Image-caption web data:
☆ ☆ ☆ ☆ ☆

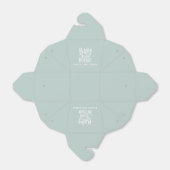 Ballotins Bébé son froid en dehors du baby shower (Déplié)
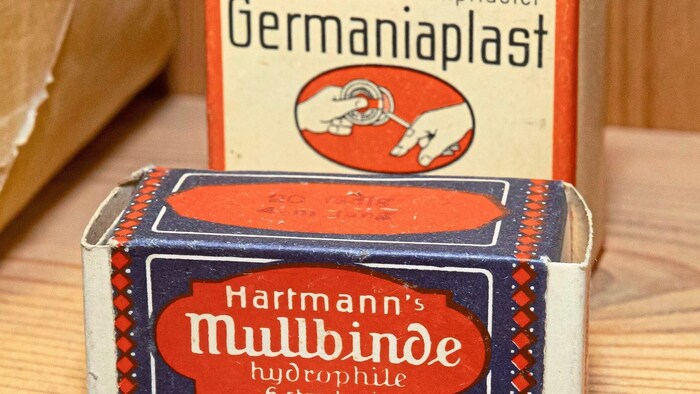 Old medication can also be found.
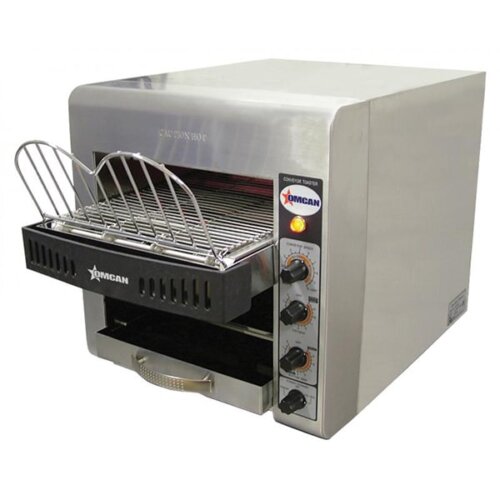 Omcan-11385 Conveyor Toaster Stainless Steel 10-inch Belt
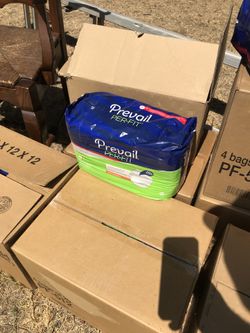 Prevail per fit adult diapers medium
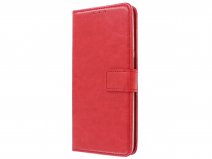Book Case Wallet Rood - Samsung Galaxy A9 2018 hoesje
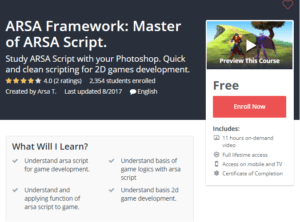 A1 Resource FREE Udemy Courses Nov 11, 2017 – ARSA Framework Master of ARSA Script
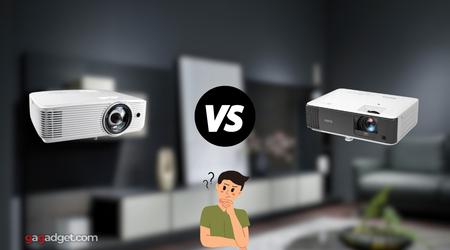 Optoma GT1080HDR vs Benq TK700STi: Comparativa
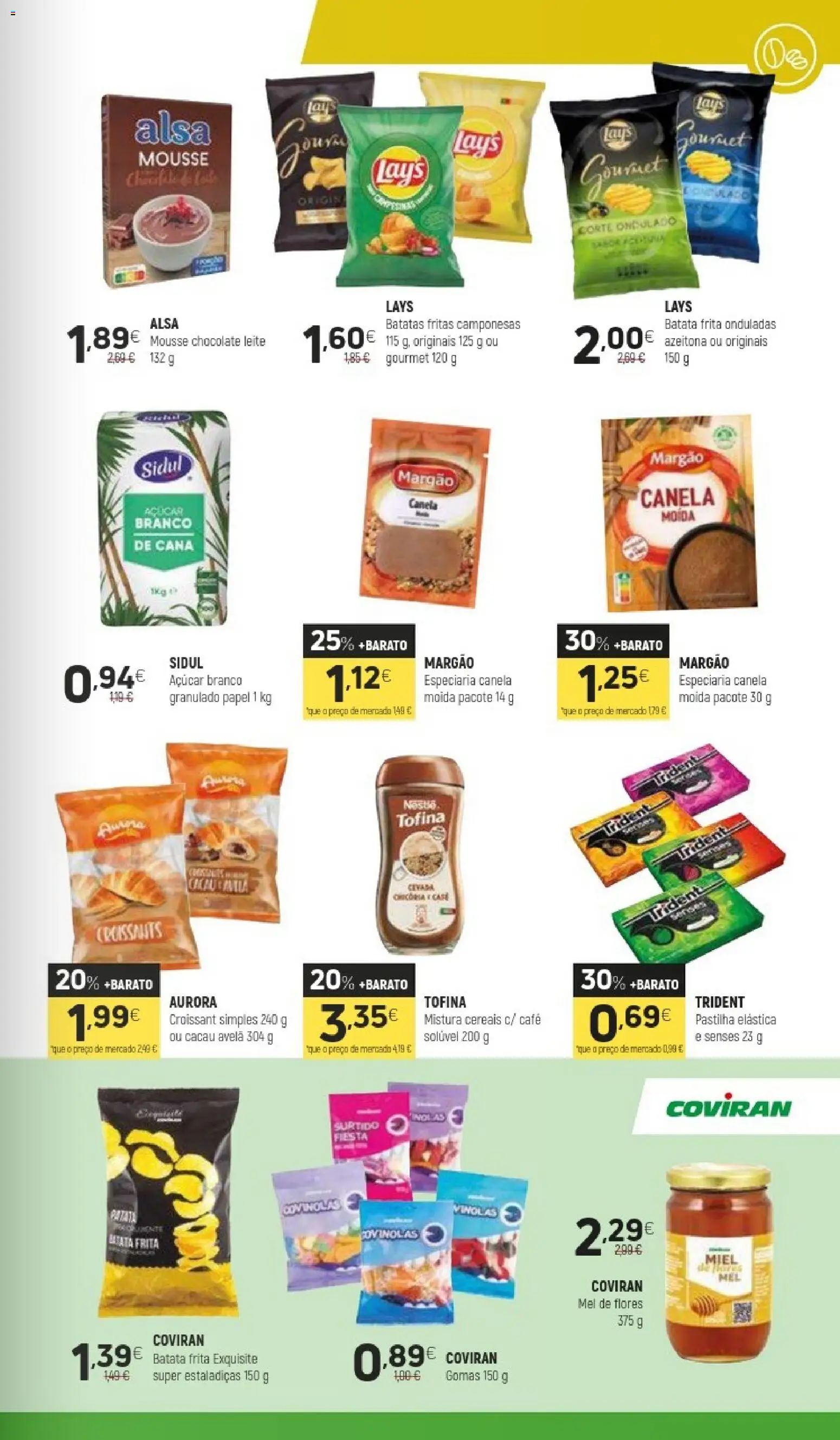 Coviran folheto │ válido de 02.12.2025 | Página: 11 | Produtos: Batata frita, Chocolate, Açúcar, Gomas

☆ ☆ ☆ ☆ ☆

All lines from the one holding "A1 Resource FREE" through the last line of the records need to be copied exactly, both ends included, and the pictures left behind.

» **SOLUTION**
 A1 Resource FREE Udemy Courses Nov 11, 2017 – ARSA Framework Master of ARSA Script
 Optoma GT1080HDR vs Benq TK700STi: Comparativa
 Coviran folheto │ válido de 02.12.2025 | Página: 11 | Produtos: Batata frita, Chocolate, Açúcar, Gomas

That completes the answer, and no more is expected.